While many would bemoan this provision as “…well that is what the PTO says, but that is not what happens,” the section also qualifies the commitment with the proviso that the proceeding “will be expedited to the extent possible.” Currently, the agency is under severe budget restraints and patent reexamination proceedings are being initiated in record numbers.
So, now we are back to the original question, is the USPTO bound by the October 24, 2011 deadline of the Order?
There would seem to be enough case law to protect the agency from District Court interference. Emerson Elec. Co.v. Davoil, Inc., 88 F.3d 1051 (Fed. Cir. 1996) (discussing conditions fo stay being predicated on reexamination action of parties) See also Patently-O discussion of Singer Co. v. P.R. Mallory & Co., 671 F.2d 232 (7th Cir. 1982) (Court may not order disruption of USPTO proceedings). An Order essentially asking the USPTO to drop everything else in favor of a particular reexamination would appear to cause a disruption of all other reexamination proceedings being handled by the CRU examiners responsible for these reexaminations.

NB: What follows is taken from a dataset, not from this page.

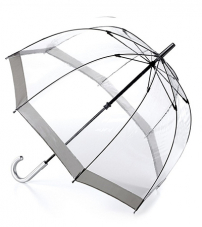 Прозрачный женский зонт-трость с полосой серебряного цвета, механика, Birdcage, Fulton L041-03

Moreover, from a policy standpoint, compliance with the Order would very likely encourage every defendant to seek the same relief from their court when arguing in favor of staying their case. As the USPTO already does everything possible to expedite such cases, by their own rules, it would not appear to be in the USPTO’s best interest to cater to the wishes of individual judges in this regard.